スパイ冤罪の在日男性の人生 ソウルで来月舞台化

【ソウル聯合ニュース】母国留学中にスパイのぬれぎぬを着せられた在日韓国人の人生を描いた舞台が、来月15、16の両日にソウル市江南区の白岩アートホールで「離散アリラン」として上演される。

 在日韓国人2世の具末謨(ク・マルモ)さんは韓国の大学で博士課程を修了、講師をしていた1970年代初めにスパイ容疑で逮捕され有罪判決を受けた。1981年までの約10年間を獄中で過ごしている。その後、スパイの汚名を晴らそうと再審請求を申し立て、2012年に無罪判決を勝ち取った。一方、日本では平和統一聯合会長、ハングル教室の校長、在日本大韓民国民団(民団)東京新宿支部顧問、在日全南道民会会長を務めるなど、精力的に社会活動を行ってきた。

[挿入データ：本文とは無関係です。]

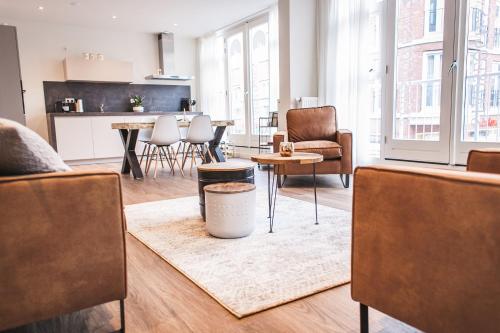 a living room with a table and chairs and a kitchen at Stadslogies in Leeuwarden in Leeuwarden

 具さんがスパイのぬれぎぬを着せられてから無罪を言い渡されるまでの40年を振り返ったのが、2013年に出版した自叙伝「離散アリラン」だ。

 具さんは28日、聯合ニュースの取材に対し、「私に悲しみを与えた祖国だが、憎むことも恨むこともできなかった」と語った。舞台化については、「個人の悲劇的な歴史だが、これが韓日の葛藤の解消と南北統一を今一度考える契機になれば」と話した。

 舞台「離散アリラン」は具さんの人生を現在と40年前の姿から描く。演出を手掛けるキム・スンドクさんは、今年は光復(日本による植民地支配からの解放)70周年と朝鮮半島分断70年にあたるとして、「(帰国事業で)北に渡った姉を具さんが懐かしがるように、今も終わらない分断の悲劇も舞台に盛り込んだ」と紹介した。